Multicultural Center screens John Lewis Marches On

By Chris Murphree

At the Ayres Multicultural Center, students, professors and community members alike gathered into the common room on Aug. 29. The office of Multicultural Affairs and the School of Theology screened Moyer and Company’s John Lewis Marches On, as a celebration and remembrance of the 50th anniversary of the March on Washington.

At least two hundred thousand Americans attended the march on Washington to rally for the civil and economic rights of African Americans. Often overshadowed in popular history by Dr. Martin Luther King Jr.’s iconic I Have a Dream speech, nine other civil rights leaders spoke to the exuberant crowd.

Among those was a young John Lewis, who as the president of the Student Nonviolent Coordinating Committee delivered a radical and rousing speech that questioned why the federal government was so slow to protect and defend the rights of its African American citizens. The film provided unique footage of the march and focused on Moyer’s and Lewis’ memories of the period. At one point the duo journeyed to the Lincoln Memorial, where a group of young students gathered around Lewis as he recalled the events of that day.
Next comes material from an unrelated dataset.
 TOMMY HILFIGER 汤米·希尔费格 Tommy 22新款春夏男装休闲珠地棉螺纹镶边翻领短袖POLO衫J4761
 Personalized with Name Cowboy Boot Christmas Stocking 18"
As the last living speaker from the march, Lewis represented the passing of history from one generation to another.

Recollections of the Civil Rights movement did not end with Lewis in Washington. At the film’s end, members of Sewanee and surrounding communities shared their accounts of the turbulent days leading up to the March on Washington.
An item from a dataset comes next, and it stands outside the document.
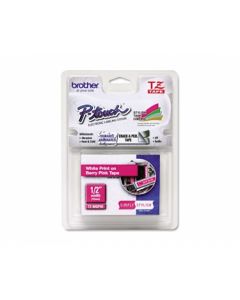 Brother tzemqp35 Cinta Blanco Sobre Rosa Fresa 12mm X 5m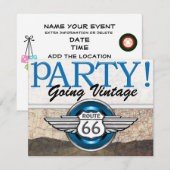 Route 66 - Vintage Cars- Kaart (Voorkant / Achterkant)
Memories of the 1963 lawsuit, in which four African American families and four white families appealed to allow the integration of Sewanee Elementary School under the precedent of the 1954 Brown v. Board of Education Supreme Court decision, echoed through the room. One woman recalled her mother organizing meetings in her living room to arrange their own protest. The discussion then turned to continuing interaction of race relations today, as we struggle not only in the Sewanee community but America as a whole.

As we wade through uncharted territories within our nation, the stories of the American Civil Right Movement and the March on Washington continue to flow to a new generation. As we continue an ever growing pursuit of harmony, the narrative of John Lewis and the people who lead the civil rights movement continues to guide our minds.